K-means distortion cost function


I’ve lived a lie, all my life I knew this thing as variance, as an estimator of a set of data points, now it ends up having a much fancier name.

Am I getting something wrong or what it tries to minimize is the variance of the closest data points? Thanks in advance

Hello @tgolvano,

No, it is not a lie. Here we are going to discuss a thing with three of their properties: name, appearance, and purpose.

Variance and the K-means’ cost has a different name, as you pointed out; very similar appearance, which perhaps is why you have posted this; but a very different purpose, which we should also consider in order for us to conclude that it is not a lie.

We can skip the names for now.

For the appearance, generally speaking, x^{(i)} is a vector, and the variance of a vector (actually called the variance-covariance matrix of a vector) is NOT in the form that is shown there. I do not want to get to that details here but if you search for it, you will see something very different. At least that it is matrix for the real variance of a vector; BUT it is a scalar for the cost for K-means. The matrix is only reduced to also a scalar only if x^{(i)} is a scalar, and in this single, very special scenario might you refer the cost as the sum of variance of different groups. BUT it is a very special scenario which means it is generally NOT TRUE that the variance of x^{(i)} is mathematically equal to the cost for K-means.
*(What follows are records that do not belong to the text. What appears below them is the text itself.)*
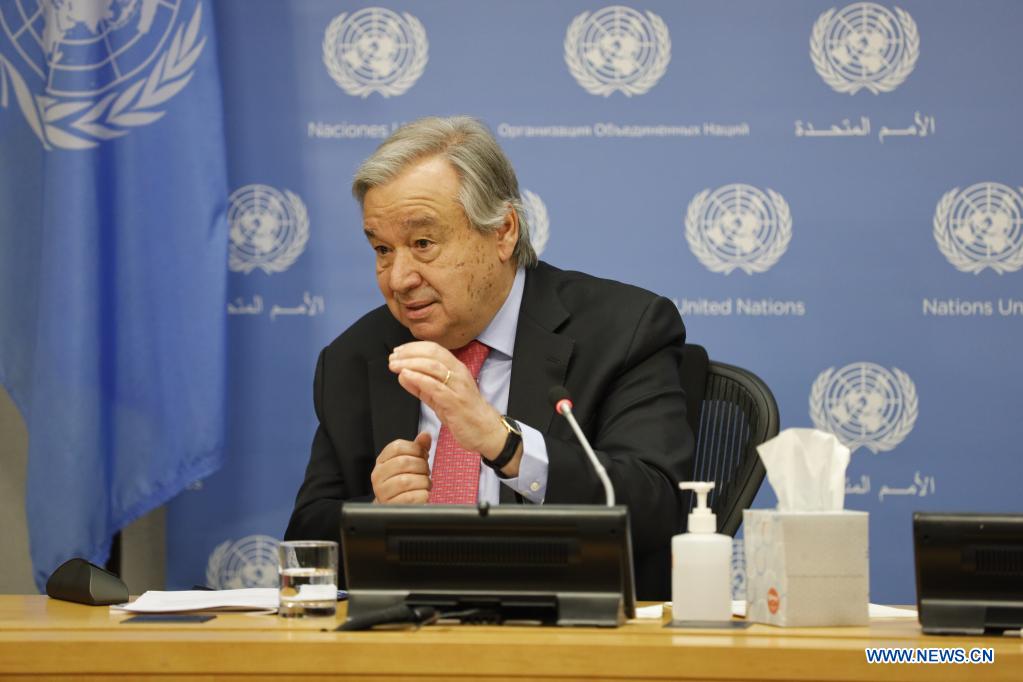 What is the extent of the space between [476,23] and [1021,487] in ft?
6.65

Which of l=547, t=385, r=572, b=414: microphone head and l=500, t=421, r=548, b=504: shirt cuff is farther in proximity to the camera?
l=500, t=421, r=548, b=504: shirt cuff

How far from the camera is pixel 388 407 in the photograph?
265cm

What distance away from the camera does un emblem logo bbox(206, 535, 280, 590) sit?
346cm

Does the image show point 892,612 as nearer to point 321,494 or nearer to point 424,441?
point 424,441

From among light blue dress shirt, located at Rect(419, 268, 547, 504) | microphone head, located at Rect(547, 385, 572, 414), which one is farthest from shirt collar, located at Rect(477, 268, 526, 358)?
microphone head, located at Rect(547, 385, 572, 414)

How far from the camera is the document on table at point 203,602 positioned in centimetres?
179

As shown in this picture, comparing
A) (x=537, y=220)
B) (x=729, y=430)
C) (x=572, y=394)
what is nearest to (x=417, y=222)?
(x=572, y=394)

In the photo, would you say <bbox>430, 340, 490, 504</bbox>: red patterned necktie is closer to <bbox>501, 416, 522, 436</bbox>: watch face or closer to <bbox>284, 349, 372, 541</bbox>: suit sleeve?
<bbox>284, 349, 372, 541</bbox>: suit sleeve

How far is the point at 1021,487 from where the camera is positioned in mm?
3342

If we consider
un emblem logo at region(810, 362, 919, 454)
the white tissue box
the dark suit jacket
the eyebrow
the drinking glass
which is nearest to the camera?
the white tissue box

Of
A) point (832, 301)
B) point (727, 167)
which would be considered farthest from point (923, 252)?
point (727, 167)

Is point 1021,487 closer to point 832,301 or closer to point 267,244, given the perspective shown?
point 832,301

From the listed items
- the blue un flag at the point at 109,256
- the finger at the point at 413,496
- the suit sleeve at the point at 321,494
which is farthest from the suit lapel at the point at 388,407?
the blue un flag at the point at 109,256

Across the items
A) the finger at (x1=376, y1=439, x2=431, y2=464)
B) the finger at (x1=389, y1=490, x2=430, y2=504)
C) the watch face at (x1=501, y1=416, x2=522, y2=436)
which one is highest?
the watch face at (x1=501, y1=416, x2=522, y2=436) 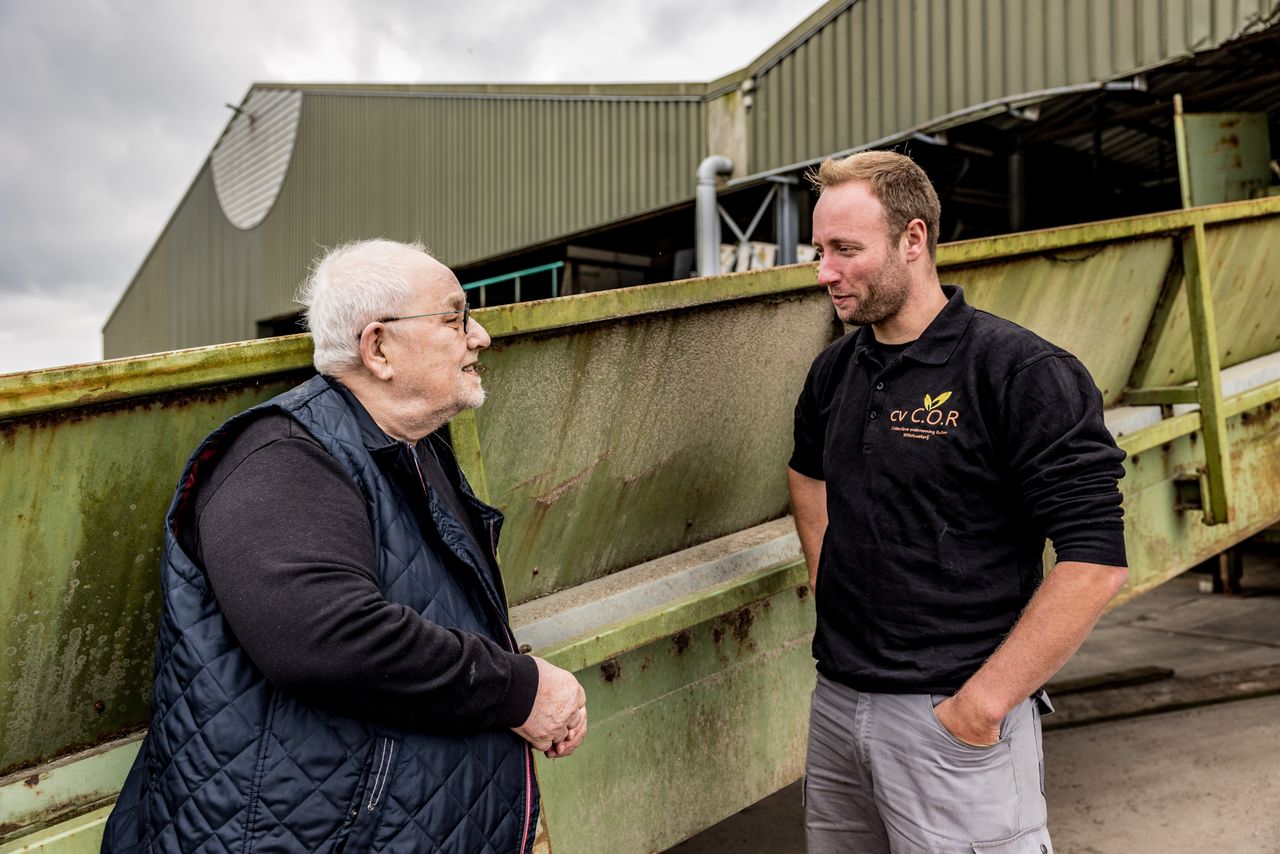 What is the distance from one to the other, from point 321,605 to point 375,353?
43cm

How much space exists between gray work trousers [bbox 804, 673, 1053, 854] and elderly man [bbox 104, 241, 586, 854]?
60 centimetres

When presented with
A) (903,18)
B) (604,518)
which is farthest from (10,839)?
(903,18)

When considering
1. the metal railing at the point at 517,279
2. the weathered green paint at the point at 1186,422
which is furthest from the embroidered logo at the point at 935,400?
the metal railing at the point at 517,279

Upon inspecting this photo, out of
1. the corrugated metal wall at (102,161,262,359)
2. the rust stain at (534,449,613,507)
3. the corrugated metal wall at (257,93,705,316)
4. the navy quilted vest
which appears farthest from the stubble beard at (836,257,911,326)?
the corrugated metal wall at (102,161,262,359)

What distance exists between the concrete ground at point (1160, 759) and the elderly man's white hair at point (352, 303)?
97.4 inches

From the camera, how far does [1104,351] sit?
3.28m

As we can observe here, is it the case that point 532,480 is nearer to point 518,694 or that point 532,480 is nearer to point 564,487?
point 564,487

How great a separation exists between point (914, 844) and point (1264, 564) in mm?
6675

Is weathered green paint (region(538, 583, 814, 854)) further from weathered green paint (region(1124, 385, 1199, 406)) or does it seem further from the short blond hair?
weathered green paint (region(1124, 385, 1199, 406))

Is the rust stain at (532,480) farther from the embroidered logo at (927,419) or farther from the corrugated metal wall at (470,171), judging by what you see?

Now comes the purposes. They have different names which reflect their different purposes. When x^{(i)} is a vector, the (I am going to use the actual name from now on) variance-covariance matrix speaks about the variance of each dimension of the vector, and the covariance between any two dimensions of the vector. The cost function for K-means, however, measure the distances between each x^{(i)} to its group center \mu_c^{(i)} by taking the L2-Norm (the \|..\| thing) which effectively ALWAYS reduces all dimensions into a scalar. We use the scalar to determine collectively how close the data points are to their respective centers. This is the different purpose.

All in all, they are different.

It might take you reading my response for a few times because I am trying to discuss the differences without getting too in-depth of them, so you might need to “close some loops” yourself.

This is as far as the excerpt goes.